I save the current relay status about every 10 seconds, 4 bits total. 256 bytes of eeprom. When the unit was first fired up, I cleared all of the eeprom to $ff. The first time I wrote to a byte, I clear bit 7 in byte 0, and saved the status to the lower 4 bits. The next time, I looked for the first byte in the eeprom with bit 7 set, then cleared that byte's bit 7 and saved the status to the lower 4 bits, and so on and so on and so on...
When I get to byte 255, I check the power on the mains (make sure I'm not running off battery backup), then clear all of the bytes back to $ff and start the process over again.
If main power fails, then comes back on, I look for the last byte in the eeprom with bit 7 cleared and read the state from it...then resave it of course...
This way, I use each of the bytes equally (by looking for the first byte with bit 7 set) and saving the state there. According to the table above, I should get about 40 years or so out of this controller. The building will fall down before that!
Then again, there's a thousand different ways to do 'wear levelling' with eeprom/flash and as stated earlier...a guy generally doesn't have to worry about it. I've got an article somewhere that talks all about wearing out eeprom/flash and according to this article, the key is to keep the voltage as low as possible and write as slow as possible (up to the point of doing multiple rewrites at marginal voltage) for maximum eeprom life...and temperature has a lot to do with lifespan. The article also went on to say that even after an eeprom cell has failed during normal writing procedures, rewriting the same cell a few times (within reason of course) will usually work just fine.

I wonder how many of us have actually worn out the flash in a PIC yet...if any...? I thought I did once, turned out the regulator on the MCLR pin went south for the winter (and the rest of the year for that matter)...

[paul borgmeier]

view the ADDED.jpg

Your “ADDED” schematic shows a 16F84A, which has no analog features – if you are using this PIC, you will need to use an external comparator (or something else) to detect the dropping voltage. On the plus side, the 84A has a 10,000,000 EEPROM Write endurance, which is 10X that of the 16F628. This means you can 10X the numbers Keith has in post 7. Also keep in mind these numbers are theoretical and not guaranteed (but in many cases, way conservative).

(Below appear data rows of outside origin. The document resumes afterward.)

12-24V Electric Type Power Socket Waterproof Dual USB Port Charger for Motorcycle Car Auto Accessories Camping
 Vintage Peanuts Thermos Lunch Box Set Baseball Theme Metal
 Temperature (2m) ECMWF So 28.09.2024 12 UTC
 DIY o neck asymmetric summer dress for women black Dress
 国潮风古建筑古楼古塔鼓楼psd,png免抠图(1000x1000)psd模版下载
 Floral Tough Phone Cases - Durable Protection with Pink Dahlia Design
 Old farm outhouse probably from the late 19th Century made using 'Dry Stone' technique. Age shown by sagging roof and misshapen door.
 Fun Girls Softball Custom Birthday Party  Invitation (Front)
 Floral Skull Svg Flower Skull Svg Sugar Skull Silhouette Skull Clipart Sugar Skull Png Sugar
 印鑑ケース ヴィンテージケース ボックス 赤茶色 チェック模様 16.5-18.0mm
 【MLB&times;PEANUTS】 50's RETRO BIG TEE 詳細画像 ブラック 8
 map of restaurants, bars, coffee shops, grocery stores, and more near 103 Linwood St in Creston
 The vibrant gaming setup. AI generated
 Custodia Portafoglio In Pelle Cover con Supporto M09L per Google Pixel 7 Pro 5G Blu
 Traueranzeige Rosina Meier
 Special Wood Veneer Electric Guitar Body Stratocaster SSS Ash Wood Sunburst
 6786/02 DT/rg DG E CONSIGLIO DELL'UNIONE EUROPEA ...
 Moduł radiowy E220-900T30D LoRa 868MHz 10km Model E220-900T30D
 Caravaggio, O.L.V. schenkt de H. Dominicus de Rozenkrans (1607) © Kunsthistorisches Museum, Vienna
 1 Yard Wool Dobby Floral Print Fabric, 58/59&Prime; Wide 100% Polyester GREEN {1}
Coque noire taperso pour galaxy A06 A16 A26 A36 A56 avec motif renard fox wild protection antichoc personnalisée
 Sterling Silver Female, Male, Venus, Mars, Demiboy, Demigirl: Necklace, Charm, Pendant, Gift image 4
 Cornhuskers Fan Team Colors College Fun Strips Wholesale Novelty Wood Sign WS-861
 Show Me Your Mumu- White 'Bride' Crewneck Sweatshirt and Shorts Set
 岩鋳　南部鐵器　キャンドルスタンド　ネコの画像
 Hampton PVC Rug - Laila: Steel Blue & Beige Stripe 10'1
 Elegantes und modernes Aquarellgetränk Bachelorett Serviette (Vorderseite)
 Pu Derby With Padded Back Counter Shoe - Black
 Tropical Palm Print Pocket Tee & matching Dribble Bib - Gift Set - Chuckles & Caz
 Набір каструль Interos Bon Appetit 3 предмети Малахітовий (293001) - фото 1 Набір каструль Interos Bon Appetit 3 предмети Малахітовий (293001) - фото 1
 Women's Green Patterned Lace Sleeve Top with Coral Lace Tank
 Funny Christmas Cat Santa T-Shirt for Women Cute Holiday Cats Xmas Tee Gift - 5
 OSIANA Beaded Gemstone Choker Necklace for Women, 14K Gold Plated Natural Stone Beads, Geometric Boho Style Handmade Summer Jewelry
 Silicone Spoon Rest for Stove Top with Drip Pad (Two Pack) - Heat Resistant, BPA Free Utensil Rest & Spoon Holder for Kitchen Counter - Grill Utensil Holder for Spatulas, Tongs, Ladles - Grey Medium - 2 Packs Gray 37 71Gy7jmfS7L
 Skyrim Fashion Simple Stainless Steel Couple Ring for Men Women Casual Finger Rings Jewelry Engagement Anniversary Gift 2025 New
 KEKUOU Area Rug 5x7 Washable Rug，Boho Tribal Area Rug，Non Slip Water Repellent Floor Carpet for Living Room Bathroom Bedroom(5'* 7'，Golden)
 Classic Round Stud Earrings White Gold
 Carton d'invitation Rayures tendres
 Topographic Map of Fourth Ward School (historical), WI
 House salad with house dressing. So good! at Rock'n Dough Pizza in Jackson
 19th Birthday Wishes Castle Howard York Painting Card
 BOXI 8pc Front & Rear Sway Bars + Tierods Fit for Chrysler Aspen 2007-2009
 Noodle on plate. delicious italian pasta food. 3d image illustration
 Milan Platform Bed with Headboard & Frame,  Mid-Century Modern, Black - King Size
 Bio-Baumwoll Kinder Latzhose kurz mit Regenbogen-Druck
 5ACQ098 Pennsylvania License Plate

If you are using the F628, the only change I have on my schematic is another diode between the anode and the analog pin. This ensures the the analog input voltage is the same as VDD and not higher (which would be out of spec).

The best thing to do would be to skip the power detect and do as Jerson suggested (and not record every second but only when a change was detected). If the estimated number of changes is not too many (see Keith's post 7 for numbers), then you are set. If it is too many, you have another option. You can, in software, set up a “wear leveling” approach (as SKIMASK just noted while I was writing this) and use all locations of the EEPROM. This would give you a theoretical endurance of 127 million writes for the 628 and 630 million for the 84A. Some PICs require refreshing of all the EEPROM after a certain number of writes to any location in EEPROM (e.g., 1 Million writes) – check your datasheet. You can extend this approach by using and external EEPROM and have Trillions+ of writes.

Good Luck